Culture Vulture/Photo Diary: Kara Walker at SF MOMA and public art all over town
While my sister Barbara was visiting from Denver, we made an expedition to the San Francisco Museum of Modern Art (SFMOMA) to check out the new Kara Walker show, installed in the street-level Roberts Family Gallery with free admission for everyone.
One of the country’s foremost visual artists, Walker gained her first major recognition in 1994 with "Gone, An Historical Romance of a Civil War as It Occurred Between the Dusky Thighs of One Young Negress and Her Heart," a giant mural of black cut-paper silhouettes showing how enslaved African Americans were depicted during Antebellum South. At 28, she became the second youngest recipient of the John D. and Catherine T. MacArthur Foundation's "genius" grant. Her other best-known creation was “A Subtlety, or the Marvelous Sugar Baby, an Homage to the unpaid and overworked Artisans who have refined our Sweet tastes from the cane fields to the Kitchens of the New World on the Occasion of the demolition of the Domino Sugar Refining Plant,” a gigantic 35-foot-high sculpture of a female sphinx formed from 80 tons of white sugar.
You may have noticed that Walker likes long poetic titles. Her most recent work, “Fortuna and the Immortality Garden (Machine) / A Respite for the Weary Time-Traveler. / Featuring a Rite of Ancient Intelligence Carried out by The Gardeners / Toward the Continued Improvement of the Human Specious / by Kara E-Walker,” explores robot technology.
The eight larger-than-life figures each have their own characters, names, backstories, and stuttery gestures.
The Whisperer (above) tells secrets to her doll; Harpy (below) emits music from strings in her torso.
Six of these stand on a platform of volcanic obsidian, a stone that gemologists consider to have healing properties. But it also has the eerie sense of a graveyard.
They are overseen by Fortuna, who rules from her own perch, motion-activated to spew gnomic messages.
Like all of Walker’s work, the show is witty, scary, and enraged all at once. She draws a line from this country’s history of slavery to Silicon Valley’s cutting-edge technology while conjuring the deathless torments of poverty, mental illness, drug addiction, and social injustice that can be readily witnessed on the streets of San Francisco.

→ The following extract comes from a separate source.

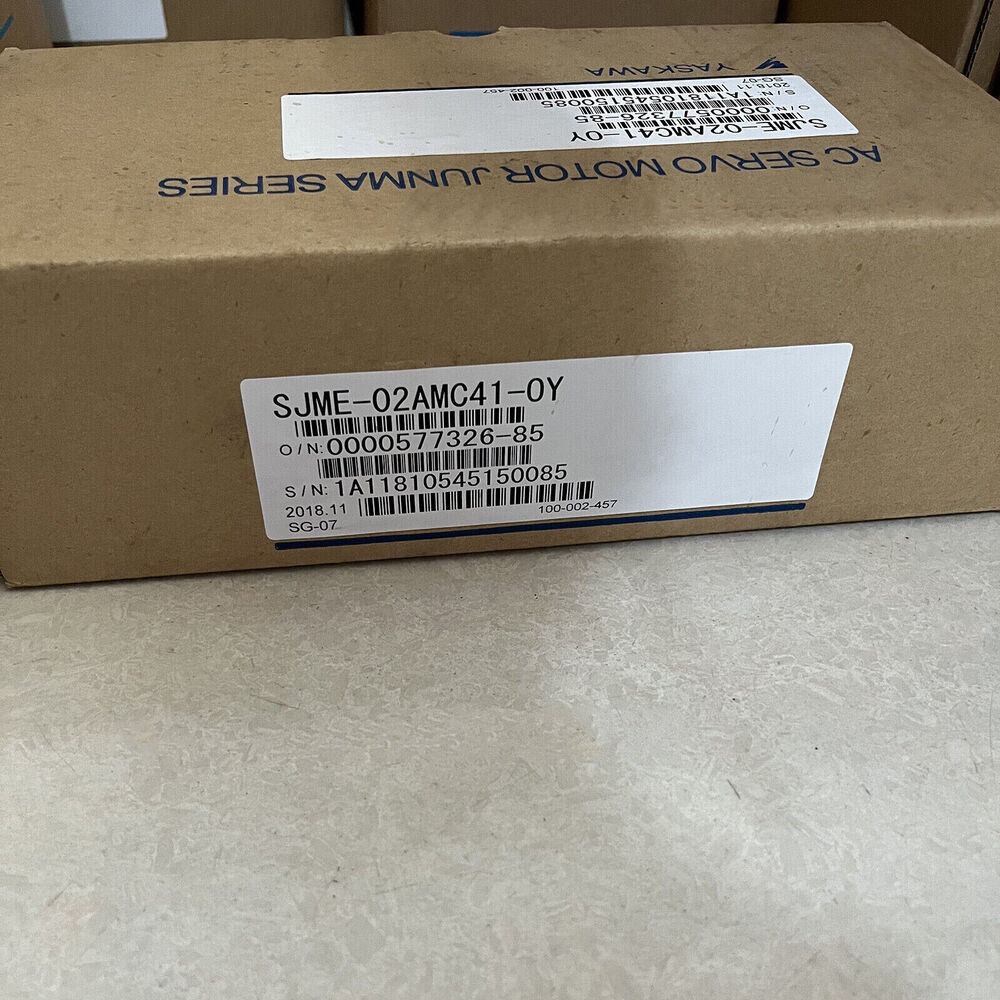 1PC New Yaskawa SJME-02AMC41-OY Servo Motor Expedited Shipping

SFMOMA’s lobby also displays “On Whales,” a video work by Wu Tsang, a Los Angeles-based artist (and another MacArthur fellow) whose films and installations have excited me since they were featured in the 2012 Whitney Biennial.

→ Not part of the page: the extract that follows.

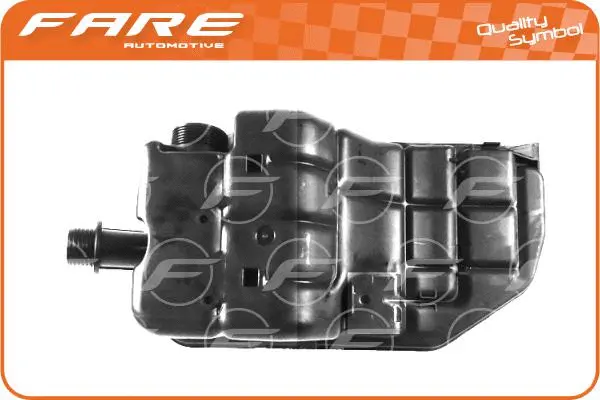 Expansion Tank, coolant (22332)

Speaking of free art, all over San Francisco gorgeous community artwork shows up in the form of murals and brightly painted houses.
My sister and I made a pilgrimage to Balmy Alley in the Mission, renowned for its ever-changing gallery of public art.
But really, you don’t have to go very far to encounter fantastic creations, not infrequently created as monuments to dearly departed locals.